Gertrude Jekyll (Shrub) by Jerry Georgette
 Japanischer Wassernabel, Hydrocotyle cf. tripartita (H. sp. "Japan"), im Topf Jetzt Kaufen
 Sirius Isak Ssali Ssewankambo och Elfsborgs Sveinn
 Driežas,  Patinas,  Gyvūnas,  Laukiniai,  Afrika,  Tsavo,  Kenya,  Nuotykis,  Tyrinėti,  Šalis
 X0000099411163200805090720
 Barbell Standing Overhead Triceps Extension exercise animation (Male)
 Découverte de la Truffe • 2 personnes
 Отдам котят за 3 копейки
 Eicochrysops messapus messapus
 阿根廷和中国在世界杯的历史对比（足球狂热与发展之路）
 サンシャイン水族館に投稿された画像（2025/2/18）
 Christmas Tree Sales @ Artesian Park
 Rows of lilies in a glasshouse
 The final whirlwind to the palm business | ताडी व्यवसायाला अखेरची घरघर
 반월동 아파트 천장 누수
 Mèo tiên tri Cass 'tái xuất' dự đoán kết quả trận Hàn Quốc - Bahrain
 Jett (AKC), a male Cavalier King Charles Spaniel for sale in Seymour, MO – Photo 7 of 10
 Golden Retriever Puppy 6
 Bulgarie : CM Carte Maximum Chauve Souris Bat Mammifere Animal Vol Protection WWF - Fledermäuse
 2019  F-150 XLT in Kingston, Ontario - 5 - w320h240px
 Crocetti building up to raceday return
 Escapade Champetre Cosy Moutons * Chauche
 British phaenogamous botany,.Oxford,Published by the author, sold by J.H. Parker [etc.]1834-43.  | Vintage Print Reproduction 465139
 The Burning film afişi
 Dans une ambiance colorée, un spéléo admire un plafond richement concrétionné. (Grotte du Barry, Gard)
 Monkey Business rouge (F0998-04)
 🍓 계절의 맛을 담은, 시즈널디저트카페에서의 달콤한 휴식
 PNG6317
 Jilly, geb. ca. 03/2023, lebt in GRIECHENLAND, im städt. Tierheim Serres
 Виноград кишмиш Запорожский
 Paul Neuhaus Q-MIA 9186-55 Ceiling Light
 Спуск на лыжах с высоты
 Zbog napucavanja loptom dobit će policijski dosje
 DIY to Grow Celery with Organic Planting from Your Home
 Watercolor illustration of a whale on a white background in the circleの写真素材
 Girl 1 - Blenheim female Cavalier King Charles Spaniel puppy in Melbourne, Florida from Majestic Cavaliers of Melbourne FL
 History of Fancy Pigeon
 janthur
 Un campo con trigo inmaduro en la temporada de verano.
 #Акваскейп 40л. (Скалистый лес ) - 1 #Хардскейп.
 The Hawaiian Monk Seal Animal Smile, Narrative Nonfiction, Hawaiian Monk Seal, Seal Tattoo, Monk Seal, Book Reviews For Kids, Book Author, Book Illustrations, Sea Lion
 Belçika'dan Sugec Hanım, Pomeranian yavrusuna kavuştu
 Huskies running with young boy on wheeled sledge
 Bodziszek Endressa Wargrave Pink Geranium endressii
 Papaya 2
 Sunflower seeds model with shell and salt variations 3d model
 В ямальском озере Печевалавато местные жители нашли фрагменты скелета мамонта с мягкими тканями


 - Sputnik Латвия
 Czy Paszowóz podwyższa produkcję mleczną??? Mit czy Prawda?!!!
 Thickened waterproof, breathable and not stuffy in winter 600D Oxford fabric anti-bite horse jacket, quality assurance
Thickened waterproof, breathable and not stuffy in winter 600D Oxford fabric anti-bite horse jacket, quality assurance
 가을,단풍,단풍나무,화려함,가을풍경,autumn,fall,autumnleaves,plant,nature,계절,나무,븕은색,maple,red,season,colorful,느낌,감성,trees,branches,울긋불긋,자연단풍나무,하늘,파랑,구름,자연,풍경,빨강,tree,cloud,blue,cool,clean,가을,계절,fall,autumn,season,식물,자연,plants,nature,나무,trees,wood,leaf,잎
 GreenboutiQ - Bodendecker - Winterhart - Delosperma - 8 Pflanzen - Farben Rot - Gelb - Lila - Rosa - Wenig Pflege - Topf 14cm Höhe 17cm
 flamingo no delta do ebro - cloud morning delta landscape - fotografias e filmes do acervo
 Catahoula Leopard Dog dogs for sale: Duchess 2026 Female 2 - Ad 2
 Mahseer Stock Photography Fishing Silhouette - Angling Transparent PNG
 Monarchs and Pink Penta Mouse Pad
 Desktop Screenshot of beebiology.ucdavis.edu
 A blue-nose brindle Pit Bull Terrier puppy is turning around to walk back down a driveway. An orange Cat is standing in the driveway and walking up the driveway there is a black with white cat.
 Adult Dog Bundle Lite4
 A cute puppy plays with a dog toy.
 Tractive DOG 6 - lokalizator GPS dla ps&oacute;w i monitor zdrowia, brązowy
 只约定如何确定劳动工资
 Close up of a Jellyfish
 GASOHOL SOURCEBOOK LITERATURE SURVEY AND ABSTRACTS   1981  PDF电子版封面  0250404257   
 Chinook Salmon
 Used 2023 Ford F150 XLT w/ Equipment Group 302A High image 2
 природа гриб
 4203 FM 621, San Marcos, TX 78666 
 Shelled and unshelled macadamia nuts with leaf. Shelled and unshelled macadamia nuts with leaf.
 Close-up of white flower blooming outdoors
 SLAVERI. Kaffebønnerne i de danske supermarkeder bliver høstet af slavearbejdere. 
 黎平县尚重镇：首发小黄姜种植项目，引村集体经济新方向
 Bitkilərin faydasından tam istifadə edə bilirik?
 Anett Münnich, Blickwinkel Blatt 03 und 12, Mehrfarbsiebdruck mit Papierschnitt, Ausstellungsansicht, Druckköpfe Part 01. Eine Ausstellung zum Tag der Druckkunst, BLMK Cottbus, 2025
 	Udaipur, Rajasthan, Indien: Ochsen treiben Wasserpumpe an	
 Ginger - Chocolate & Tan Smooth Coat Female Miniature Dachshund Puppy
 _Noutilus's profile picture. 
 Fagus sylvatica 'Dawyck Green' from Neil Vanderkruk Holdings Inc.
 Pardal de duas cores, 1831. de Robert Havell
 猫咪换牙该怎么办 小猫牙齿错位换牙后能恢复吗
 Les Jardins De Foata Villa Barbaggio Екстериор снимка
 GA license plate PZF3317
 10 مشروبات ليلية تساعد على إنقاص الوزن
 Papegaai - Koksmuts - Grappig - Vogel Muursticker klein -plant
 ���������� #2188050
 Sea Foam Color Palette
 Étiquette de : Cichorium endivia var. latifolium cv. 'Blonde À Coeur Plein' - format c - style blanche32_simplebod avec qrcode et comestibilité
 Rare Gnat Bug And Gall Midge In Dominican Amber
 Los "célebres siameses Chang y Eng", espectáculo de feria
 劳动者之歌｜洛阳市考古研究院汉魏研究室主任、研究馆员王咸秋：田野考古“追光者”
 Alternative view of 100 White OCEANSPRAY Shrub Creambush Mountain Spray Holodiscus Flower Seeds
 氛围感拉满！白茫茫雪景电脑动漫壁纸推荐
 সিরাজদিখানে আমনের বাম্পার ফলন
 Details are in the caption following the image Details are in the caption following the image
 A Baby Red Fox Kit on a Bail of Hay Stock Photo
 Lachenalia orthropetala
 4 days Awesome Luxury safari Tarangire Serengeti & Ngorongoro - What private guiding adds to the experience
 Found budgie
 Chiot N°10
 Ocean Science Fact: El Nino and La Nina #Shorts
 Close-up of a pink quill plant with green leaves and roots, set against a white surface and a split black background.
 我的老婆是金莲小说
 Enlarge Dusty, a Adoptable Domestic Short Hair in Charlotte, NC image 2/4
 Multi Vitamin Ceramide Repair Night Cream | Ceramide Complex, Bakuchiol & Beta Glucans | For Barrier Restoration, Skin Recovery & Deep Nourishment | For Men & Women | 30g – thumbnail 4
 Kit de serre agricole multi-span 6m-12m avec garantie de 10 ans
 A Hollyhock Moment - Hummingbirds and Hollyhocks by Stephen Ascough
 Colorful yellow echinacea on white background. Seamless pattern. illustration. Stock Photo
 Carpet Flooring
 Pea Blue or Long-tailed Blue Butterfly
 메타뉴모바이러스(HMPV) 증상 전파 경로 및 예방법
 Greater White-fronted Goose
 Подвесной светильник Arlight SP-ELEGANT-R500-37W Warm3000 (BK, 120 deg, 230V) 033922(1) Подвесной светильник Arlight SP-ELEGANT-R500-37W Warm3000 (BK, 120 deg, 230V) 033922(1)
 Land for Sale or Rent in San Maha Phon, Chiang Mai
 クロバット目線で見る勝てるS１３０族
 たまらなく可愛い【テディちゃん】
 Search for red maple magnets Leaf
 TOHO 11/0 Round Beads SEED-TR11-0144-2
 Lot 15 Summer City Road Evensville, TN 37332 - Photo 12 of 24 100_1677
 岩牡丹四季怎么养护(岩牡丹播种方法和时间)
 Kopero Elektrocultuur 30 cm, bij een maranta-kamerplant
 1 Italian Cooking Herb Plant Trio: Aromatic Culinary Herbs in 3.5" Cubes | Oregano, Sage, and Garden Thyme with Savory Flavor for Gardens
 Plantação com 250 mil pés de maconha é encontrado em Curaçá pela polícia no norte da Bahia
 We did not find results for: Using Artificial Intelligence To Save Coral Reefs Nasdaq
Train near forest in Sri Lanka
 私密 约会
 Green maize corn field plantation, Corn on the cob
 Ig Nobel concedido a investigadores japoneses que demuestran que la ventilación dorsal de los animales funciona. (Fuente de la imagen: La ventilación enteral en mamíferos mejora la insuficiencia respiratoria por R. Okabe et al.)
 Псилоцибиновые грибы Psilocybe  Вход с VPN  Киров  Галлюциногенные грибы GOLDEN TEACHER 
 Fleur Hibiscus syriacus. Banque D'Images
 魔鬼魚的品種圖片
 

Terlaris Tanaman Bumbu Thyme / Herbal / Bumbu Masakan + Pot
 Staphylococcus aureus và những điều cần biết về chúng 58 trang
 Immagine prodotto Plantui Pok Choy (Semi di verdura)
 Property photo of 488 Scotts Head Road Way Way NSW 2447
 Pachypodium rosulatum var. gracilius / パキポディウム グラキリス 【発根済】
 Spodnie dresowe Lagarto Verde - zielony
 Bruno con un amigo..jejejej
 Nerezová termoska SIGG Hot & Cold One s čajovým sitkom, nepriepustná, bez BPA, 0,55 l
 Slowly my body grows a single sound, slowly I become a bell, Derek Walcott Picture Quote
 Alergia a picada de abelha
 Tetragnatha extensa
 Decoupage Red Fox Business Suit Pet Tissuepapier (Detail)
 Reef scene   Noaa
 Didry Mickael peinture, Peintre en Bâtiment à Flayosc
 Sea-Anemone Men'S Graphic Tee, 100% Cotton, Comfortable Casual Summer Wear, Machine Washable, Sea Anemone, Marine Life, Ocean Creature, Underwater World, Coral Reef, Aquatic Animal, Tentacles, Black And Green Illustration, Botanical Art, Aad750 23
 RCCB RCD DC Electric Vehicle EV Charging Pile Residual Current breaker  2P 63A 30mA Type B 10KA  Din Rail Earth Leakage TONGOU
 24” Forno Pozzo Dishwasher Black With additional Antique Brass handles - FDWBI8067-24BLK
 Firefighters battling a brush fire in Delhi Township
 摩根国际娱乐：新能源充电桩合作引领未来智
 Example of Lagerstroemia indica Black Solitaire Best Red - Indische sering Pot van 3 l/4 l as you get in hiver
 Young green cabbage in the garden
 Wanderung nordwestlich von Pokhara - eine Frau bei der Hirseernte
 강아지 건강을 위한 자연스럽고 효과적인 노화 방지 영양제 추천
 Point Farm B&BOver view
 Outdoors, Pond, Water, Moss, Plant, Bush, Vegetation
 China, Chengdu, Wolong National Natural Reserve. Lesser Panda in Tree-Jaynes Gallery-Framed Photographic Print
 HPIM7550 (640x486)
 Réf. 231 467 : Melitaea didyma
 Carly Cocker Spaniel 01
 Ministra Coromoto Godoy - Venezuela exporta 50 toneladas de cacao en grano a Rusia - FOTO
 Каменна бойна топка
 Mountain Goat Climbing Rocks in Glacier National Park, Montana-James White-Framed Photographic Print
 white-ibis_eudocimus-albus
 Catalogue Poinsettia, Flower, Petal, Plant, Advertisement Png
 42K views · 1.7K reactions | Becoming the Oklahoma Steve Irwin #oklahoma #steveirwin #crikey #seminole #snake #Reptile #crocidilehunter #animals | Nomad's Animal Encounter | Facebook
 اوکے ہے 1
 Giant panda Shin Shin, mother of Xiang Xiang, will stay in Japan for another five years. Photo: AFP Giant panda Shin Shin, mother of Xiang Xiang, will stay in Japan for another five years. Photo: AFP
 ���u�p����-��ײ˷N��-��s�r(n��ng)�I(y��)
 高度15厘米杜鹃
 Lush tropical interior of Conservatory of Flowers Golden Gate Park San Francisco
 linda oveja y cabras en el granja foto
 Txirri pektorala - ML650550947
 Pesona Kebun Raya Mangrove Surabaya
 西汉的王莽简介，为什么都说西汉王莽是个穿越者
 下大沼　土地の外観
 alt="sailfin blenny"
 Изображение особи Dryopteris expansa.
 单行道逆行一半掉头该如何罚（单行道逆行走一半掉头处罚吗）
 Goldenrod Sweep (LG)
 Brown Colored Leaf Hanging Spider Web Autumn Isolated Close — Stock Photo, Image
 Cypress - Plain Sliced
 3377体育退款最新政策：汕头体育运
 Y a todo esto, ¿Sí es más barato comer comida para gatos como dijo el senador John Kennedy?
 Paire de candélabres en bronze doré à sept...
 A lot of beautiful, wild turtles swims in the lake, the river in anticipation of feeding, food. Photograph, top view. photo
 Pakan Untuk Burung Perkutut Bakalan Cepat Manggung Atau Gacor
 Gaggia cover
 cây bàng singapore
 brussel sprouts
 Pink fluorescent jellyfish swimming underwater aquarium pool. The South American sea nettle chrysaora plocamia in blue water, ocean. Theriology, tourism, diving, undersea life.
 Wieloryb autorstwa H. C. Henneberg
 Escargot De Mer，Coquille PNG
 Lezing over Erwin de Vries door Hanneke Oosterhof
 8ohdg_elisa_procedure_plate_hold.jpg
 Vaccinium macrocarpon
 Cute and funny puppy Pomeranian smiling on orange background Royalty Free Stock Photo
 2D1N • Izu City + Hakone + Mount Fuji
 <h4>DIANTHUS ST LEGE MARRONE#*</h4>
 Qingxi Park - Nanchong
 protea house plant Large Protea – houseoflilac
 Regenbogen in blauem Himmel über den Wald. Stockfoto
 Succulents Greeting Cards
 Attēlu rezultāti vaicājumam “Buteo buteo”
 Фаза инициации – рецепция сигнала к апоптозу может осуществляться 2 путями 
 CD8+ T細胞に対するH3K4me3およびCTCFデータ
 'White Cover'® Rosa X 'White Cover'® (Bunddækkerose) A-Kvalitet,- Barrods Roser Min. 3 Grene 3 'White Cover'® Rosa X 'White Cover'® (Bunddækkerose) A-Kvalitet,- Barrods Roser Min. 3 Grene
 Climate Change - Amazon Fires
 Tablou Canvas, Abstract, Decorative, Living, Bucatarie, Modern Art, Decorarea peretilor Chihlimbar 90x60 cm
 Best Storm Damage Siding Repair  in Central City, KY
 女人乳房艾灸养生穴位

**WORK TO COMPLETE:**
Copy out only the lines above from the one with "A Baby Red Fox" to the one with "Lot 15 Summer", inclusive, exactly as they stand.

**RESPONSE TO THE TASK:**
 A Baby Red Fox Kit on a Bail of Hay Stock Photo
 Lachenalia orthropetala
 4 days Awesome Luxury safari Tarangire Serengeti & Ngorongoro - What private guiding adds to the experience
 Found budgie
 Chiot N°10
 Ocean Science Fact: El Nino and La Nina #Shorts
 Close-up of a pink quill plant with green leaves and roots, set against a white surface and a split black background.
 我的老婆是金莲小说
 Enlarge Dusty, a Adoptable Domestic Short Hair in Charlotte, NC image 2/4
 Multi Vitamin Ceramide Repair Night Cream | Ceramide Complex, Bakuchiol & Beta Glucans | For Barrier Restoration, Skin Recovery & Deep Nourishment | For Men & Women | 30g – thumbnail 4
 Kit de serre agricole multi-span 6m-12m avec garantie de 10 ans
 A Hollyhock Moment - Hummingbirds and Hollyhocks by Stephen Ascough
 Colorful yellow echinacea on white background. Seamless pattern. illustration. Stock Photo
 Carpet Flooring
 Pea Blue or Long-tailed Blue Butterfly
 메타뉴모바이러스(HMPV) 증상 전파 경로 및 예방법
 Greater White-fronted Goose
 Подвесной светильник Arlight SP-ELEGANT-R500-37W Warm3000 (BK, 120 deg, 230V) 033922(1) Подвесной светильник Arlight SP-ELEGANT-R500-37W Warm3000 (BK, 120 deg, 230V) 033922(1)
 Land for Sale or Rent in San Maha Phon, Chiang Mai
 クロバット目線で見る勝てるS１３０族
 たまらなく可愛い【テディちゃん】
 Search for red maple magnets Leaf
 TOHO 11/0 Round Beads SEED-TR11-0144-2
 Lot 15 Summer City Road Evensville, TN 37332 - Photo 12 of 24 100_1677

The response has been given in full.